Written by: Diana West
Monday, January 07, 2008 6:22 PM 

For writing forthrightly about the transformation of significant areas of Great Britain--such as East London, for instance, as Robert Spencer reminds us today--Michael Nazir-Ali, the Bishop of Rochester, has provoked GB's Islamic leaders to charge him with promoting ethnic "division," not to mention racism.

CNSNews.com reports:

"It is clear from this latest racist and prejudice[d] article that he is determined to create unnecessary division and hatred towards Muslims," said Mohammed Shafiq of the Ramadhan Foundation, the country's leading Muslim youth organization.
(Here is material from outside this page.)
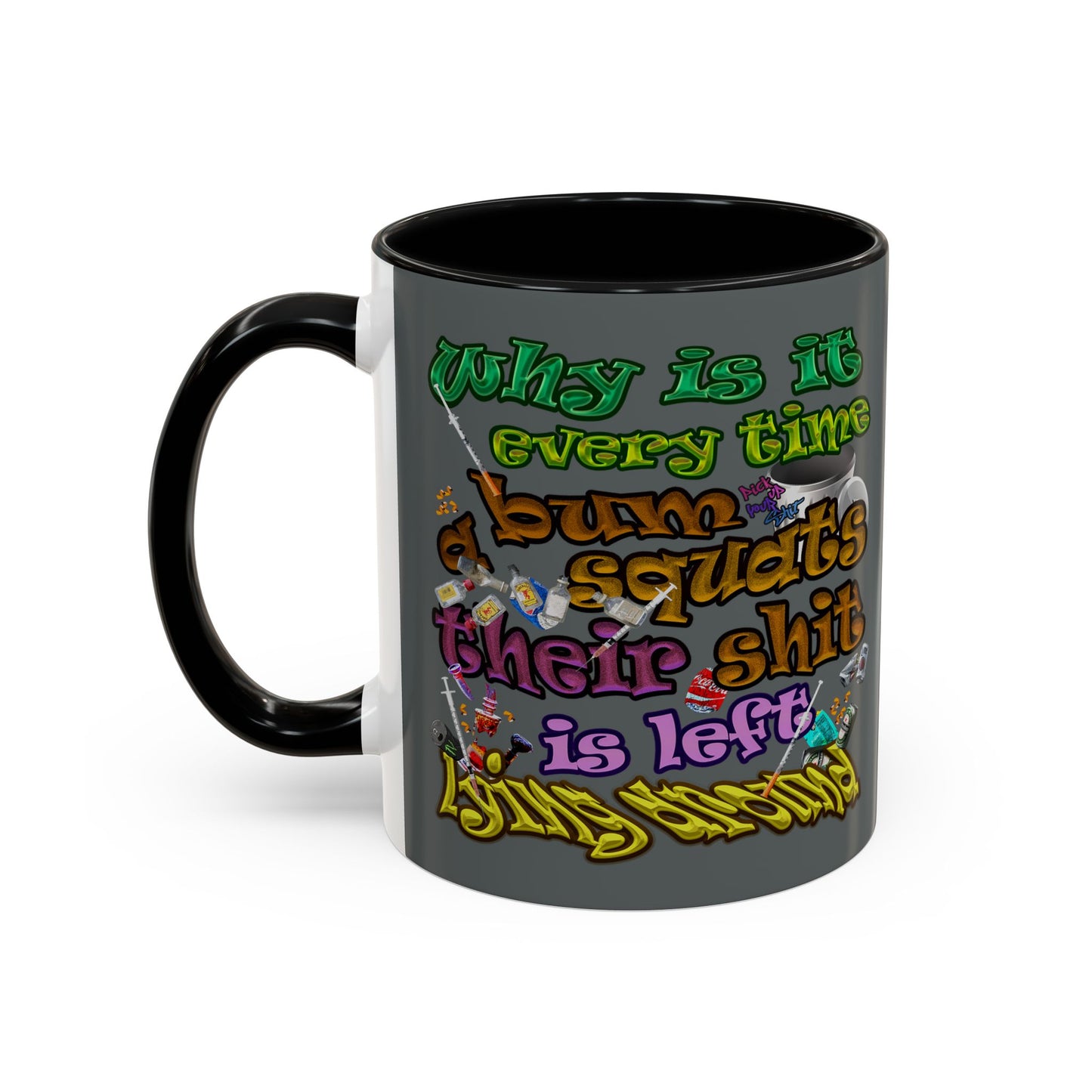 the bum's shit - Accent Mug (dark grey)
Nazir-Ali should resign for promoting hatred towards Muslims, he said.

 Inayat Bunglawala of the Muslim Council of Britain (MCB) said the comments were of the type expected from the ultra-right British National Party, "not a responsible figure in the Church of England.""
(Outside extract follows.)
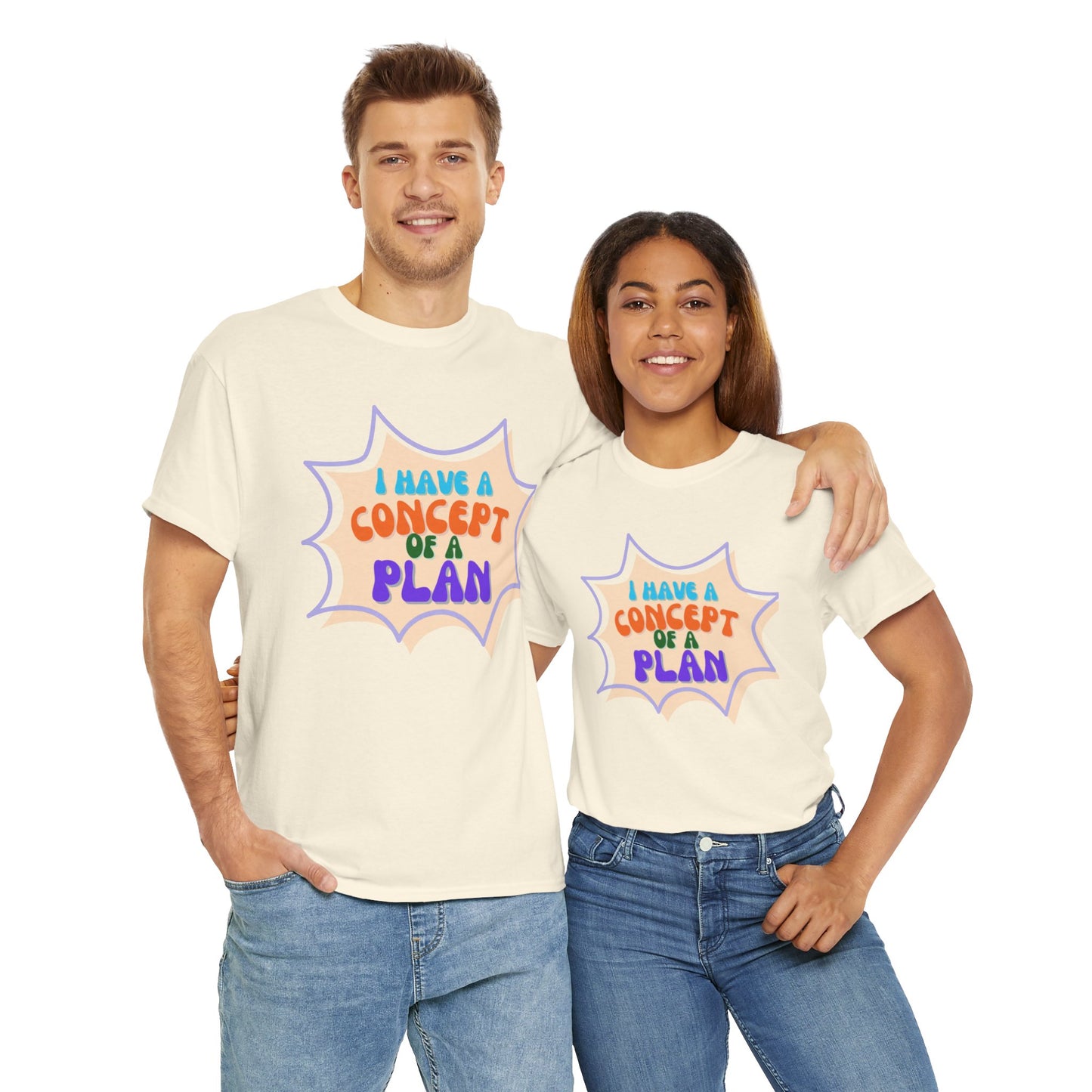 I Have a Concept of a Plan- Unisex Heavy Cotton Gildan TShirt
 Another MCB representative, Ibrahim Mogra, said Nazir-Ali "should accept that Britain is a multicultural society in which we are free to follow our religion at the same time as being extremely proud to be British."

"We wouldn't allow 'no-go' areas to happen," said Mogra, who is an imam in the city of Leicester, where Muslims account for 11 percent of the population, compared to the 3.1 percent national average according to 2001 census figures.

GB's non-Islamic leaders responded to the Bishop's concerns about no-go zones with doubt and dismay--about the bishop's statements in the Sunday Telegraph, not the no-go zones. Senior Conservative lawmaker William Hague said in televised comments he did not think the claims of "no-go areas" was factually-correct, while Nick Clegg, leader of the third-largest party, the Liberal Democrats, said the comments were "extraordinarily inflammatory."

Today's Telegraph reports:

But senior figures from the Church of England have backed the Bishop of Rochester's remarks about faith and said Christians in predominantly Muslim areas could feel isolated and nervous about how to express their belief.

The Bishop of Burnley, the Rt Rev John Goddard, said his colleague had raised serious questions about the role of faith, race and culture in British society.

The Bishop of Blackburn, the Rt Rev Nicholas Reade, said it was becoming difficult for Christians to share their faith in areas where there was a high proportion of other faiths.

"Other faiths" plural? Poor, frightened Bishop Reade.

The Telegraph story continues:

Bishop Goddard said Christians in northern towns such as Blackburn and Burnley, where 95 per cent of the Asian population is Muslim, could find life difficult.

"I think they sometimes feel as though they are strangers," he said. "It is a question of how people of different beliefs work together. Of course, the vast majority of Muslims are peace loving."

Funny, how that "vast majority" fails to love peace quite enough to keep the peace, along with the civility that has traditionally been a hallmark of British society. Blackburn, by the way, is a city of about 137,000 people that is roughly 70 percent Christian with a very large Muslim minority--20 percent according to the 2001 Census. Burnley, with a population of almost 90,000 people, is roughly 86 percent Christian with a smaller Muslim minority--roughly 6 percent. (This more closely reflects Britain's overall Muslim population, which is only about 3 percent.)

Back to Bishop Goddard:

Endorsing Bishop Nazir-Ali's comments, he said: "Bishop Michael has raised these issues as a start of a debate which has serious connotations.

A long, long, long overdue debate.

"The seriousness is how do you enable people of different cultures, races and faiths to live together as one nation, that seems to be at the back of what he is saying."

Bishop Goddard said the increased wearing of the hijab in parts of Britain was a cultural rather than religious phenomenon.

He added: "So many tensions are driven by culture rather than faith. My hope is that we can work effectively across the boundaries of other people then faith can be used as a means to understand each other."

Tensions are driven by culture not faith? Poor, frightened Bishop Goddard. Someone should tell him that Islamic faith shapes Islamic culture. But of course that's another No-Go Zone in Merry Olde Englande--and beyond.